Читаем The Great Hydration полностью

During daylight he continually scanned the sky hoping to see a lighter from the Enterprise come curving down towards him. In that, he had been disappointed. But not really surprised. It wasn’t the done thing to leave a bondman in distress—not if you wanted to ensure the loyalty of your staff—but with the partners down on the ground that bastard O’Rourke was in charge, and in his eyes Northrop was a traitor anyway.

His entreaties to Karvass had been unavailing. The Artaxa had looked stonily ahead without answering whenever Northrop tried to explain that he must be taken back to the camp immediately, because of his daily need for water.

Northrop had begun to accept that he was doomed.

He had to admit that the sandboat was a marvellous construction, well adapted to the terrain over which it travelled. Its radium motor humming, it fairly skimmed over the soft yellow sand day and night. In a mostly featureless environment he could not easily estimate its speed, but if he had been told they were covering somewhere between one and two thousand kilometers per planetary rotation—about thirty hours—he would not have been in the least surprised.

It was yet one more similarity between Tenacity and the fictional Barsoom, he told himself: technical sophistication in a sparsely populated warrior culture (which in the case of the green Barsoomians had been nomadic to boot). In Burroughs’ stories that had been a contradiction. It was like expecting Genghis Khan’s Mongols to manufacture machine guns.
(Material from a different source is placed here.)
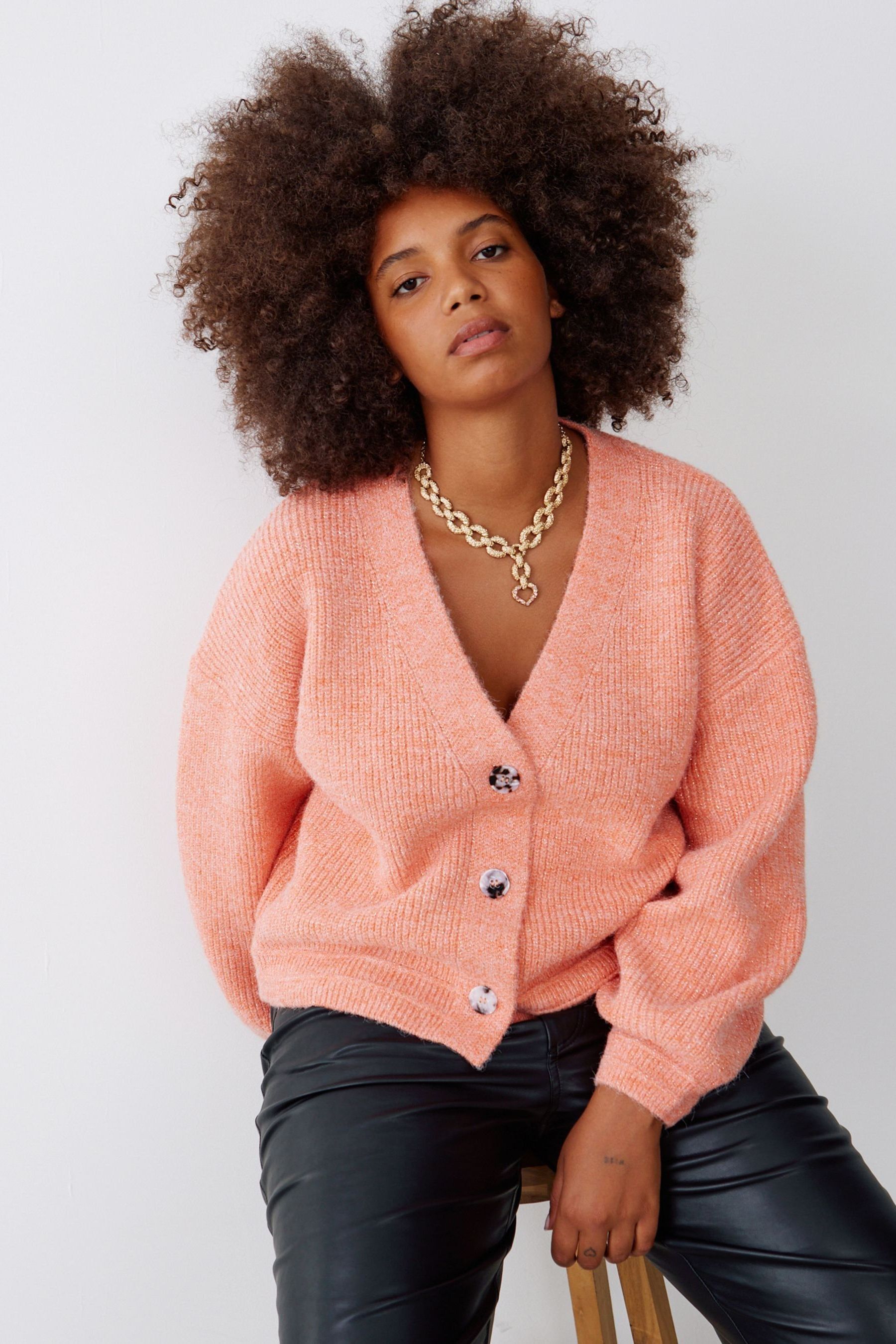 Orange cardigan hotsell next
Yet here, it was a reality.

Then, when the sandboat wound among the hill formation and plunged down the underground bank to emerge into the huge cavern, he almost forgot his plight. Here indeed was a wonder not described in any of the Burroughs’ Martian books he had read. True, the Tlixix were said to live in domes which might be of comparable size, but they were not like the Barsoomians either. They were more like the hippopotamus-resembling masters of Pellucidar, the world within the Earth. And he doubted if the Tlixix boasted such numbers as he saw jostling on the floor of the great cavern.

Entranced, he gazed up at the mass of glowing crystal of which the roof was composed, turning the whole huge space into an eerie grotto.

Karvass nudged him from the sandboat and towards a line of Artaxa whose skin seemed rougher than his own. Perhaps, Northrop thought, that meant they were older. Their metal ornaments were more numerous, too. His mind went back again to Barsoom, where metal ornaments on otherwise naked bodies were like campaign medals or badges of rank, collected by killing someone.

A younger Artaxa came from somewhere to the side of the welcoming committee. He carried a small bucket-like container with a metal lid, which he offered to Northrop.

Holding it in one arm, Roncie removed the lid. The container held what looked like water, though it was dark and oily-looking.

He was puzzled. The Tlixix were supposed to have all the water on the surface of the planet. He dipped a finger in the liquid and tasted it. It was not salty, at any rate. It tasted like brackish water.

His thirst became overpowering. He lifted the container to his lips and drank, cautiously at first. The water had a strong mineral taste, but it was drinkable.

Gasping with relief, he put the lid back on. Holding on to the container, he turned to Karvass.

“Where did this come from?”

Karvass pointed a lank finger to a group of creatures who were neither Artaxa nor even humanoid. They were vaguely lizard-like, standing erect with a forward-sloping posture, but white as worms which never saw the light.

“Those are our allies the Sawune, who live in deep caverns, much deeper than this. There, they have found water.”

So! There was water which the Tlixix had not sequestered, though probably not much. Northrop tried to recall his brief look at the report on the species of Tenacity. Apart from the numerous dehydrate humanoids, there were also dehydrate lizard species, mostly subterranean. It was possible that a few pools of fresh water had survived evaporation in far-down pockets, also escaping detection by the lobsters’ enthusiastic water-searches.

A more far-reaching realization came to him, now that the long drink had cleared his mind. His captors had known in advance that he needed water. They had made provision for it.

He turned again to Karvass.

“Thank you. But what about food?”

The Artaxa’s facial membranes adopted a configuration. Northrop knew enough by now to interpret this as an expression display, but he didn’t know of what. Karvass’s verbal response, however, made it clear it was one of surprise.

“But have you not eaten? Surely you do not need to eat again?”